# Rules on permanent labels - is a tearaway label considered "permanent"?



## psh (Oct 2, 2008)

Here is an interesting question (at least to me . I've been trying to nail down the exact FTC rules regarding a permanent lable. I know the law says the label must be attached so as to remain attached for the life of the garment. But, if a label is a tear away label, does this satisfy the rule? I think so, but it is not clear. Technically, a tear away label is permanently attached. And if you don't tear it off, it will last the life of the garment. So, it seems to pass the rule.

Does anybody have any knowledge on what you are allowed to do regarding having tear away labels in a retail garment? (basic garments - shirts, pants, etc.). Thanks.


----------



## Solmu (Aug 15, 2005)

As you said, the only rule here is that it has to last the life of the garment. That doesn't mean the consumer can't remove it if they choose to - what they do with the label is their business.
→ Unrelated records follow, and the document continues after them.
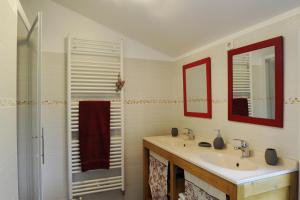 ein Badezimmer mit Waschbecken, Spiegel und Dusche in der Unterkunft Le pre des marguerites in Rosnay-lʼHôpital + 10 Fotos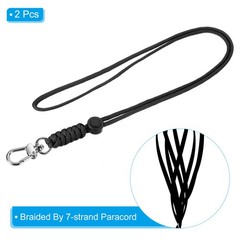 2pcs 19″ Paracord Lanyard Clasp Necklace Badge Holder Strap Keychain Cord, Black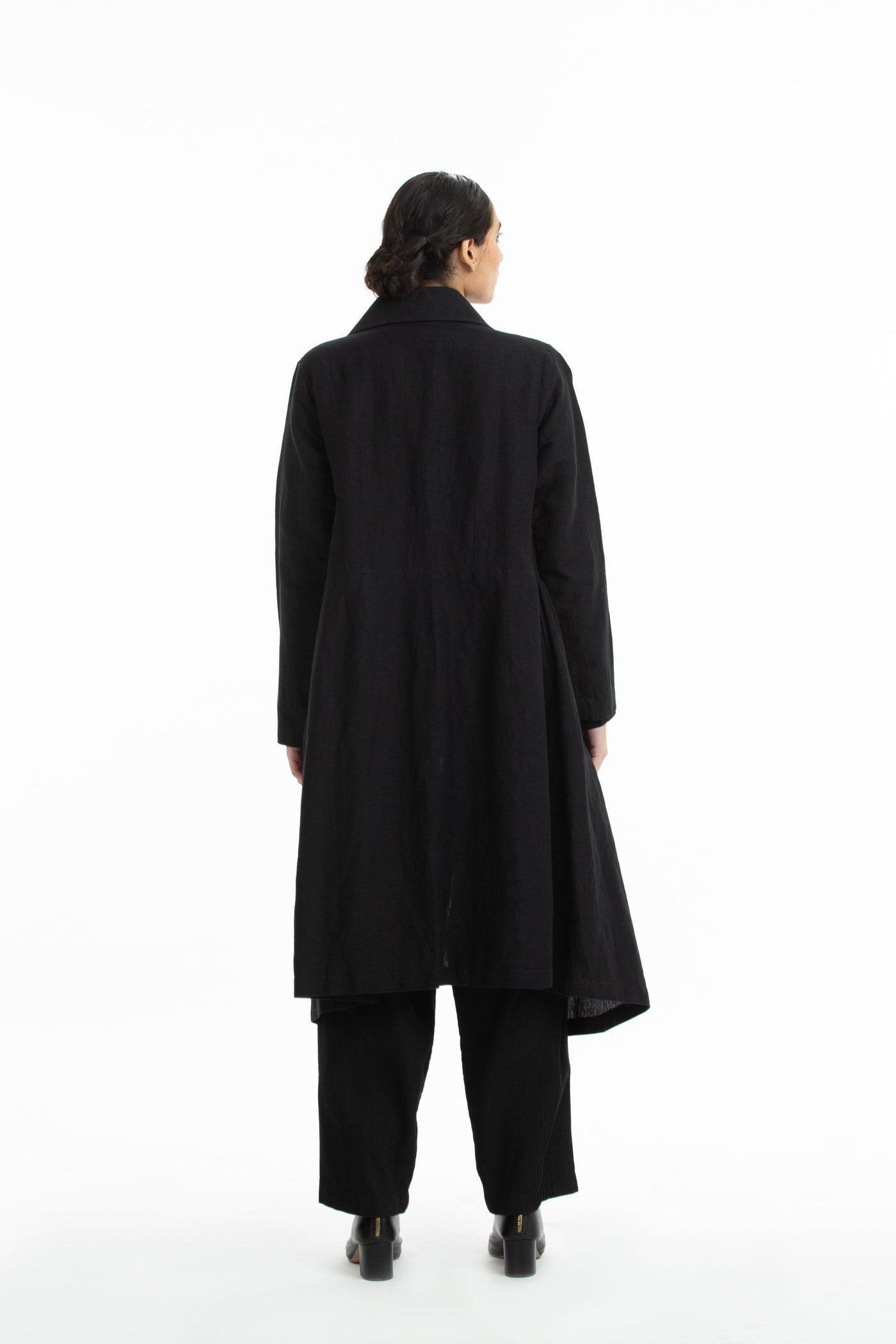 Handwoven Side Gathered Black Long Jacket Fashion Akaaro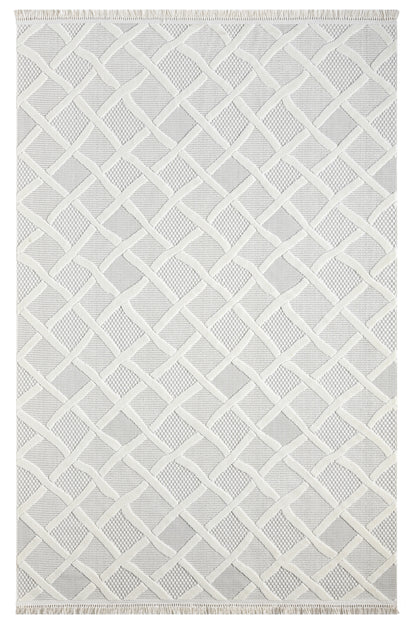 Krem Mystic Serisi Uzun Püsküllü Pamuk Tabanlı Modern Halı Yolluk Oturma Odası Salon Halısı MYSTİC1201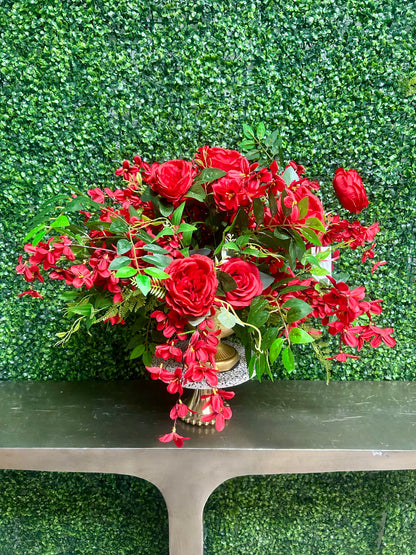 Red Floral Table Arrangement
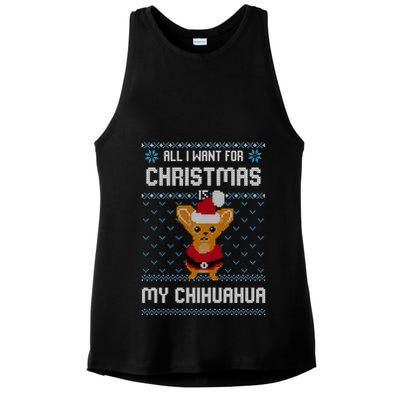 All I Want For Christmas Is Chihuahua Ugly Christmas Sweater Great Gift Ladies PosiCharge Tri-Blend Wicking Tank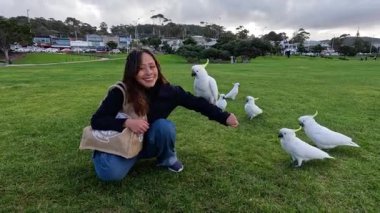 Parkta kadın kakadularla besleniyor ve oynuyor.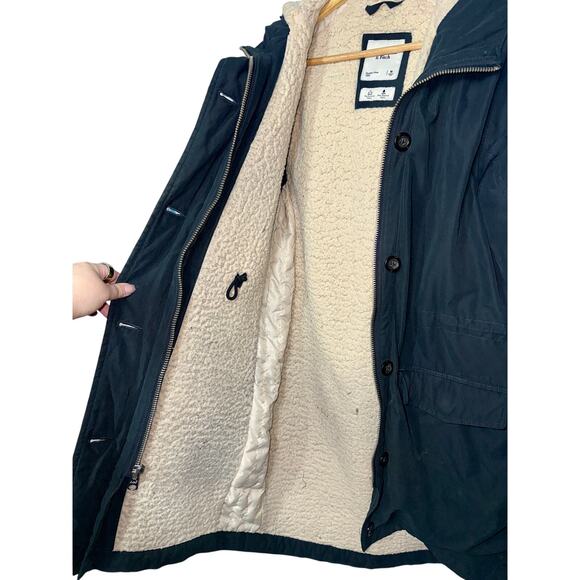 Abercrombie & Fitch Black Tan Sherpa Hooded Utility Parka Coat Jacket Womens M - Picture 5 of 9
If you make it easy for them to remove it, that's fine. So long as doing so doesn't prevent the label lasting the useful life of the garment, you're still within the guidelines.

Note, I haven't seen anything specific on this from the FTC either - I just can't see any reason that if a label meets all of the FTC's regulations, that it would be ruled... to not meet all of the FTC's regulations


----------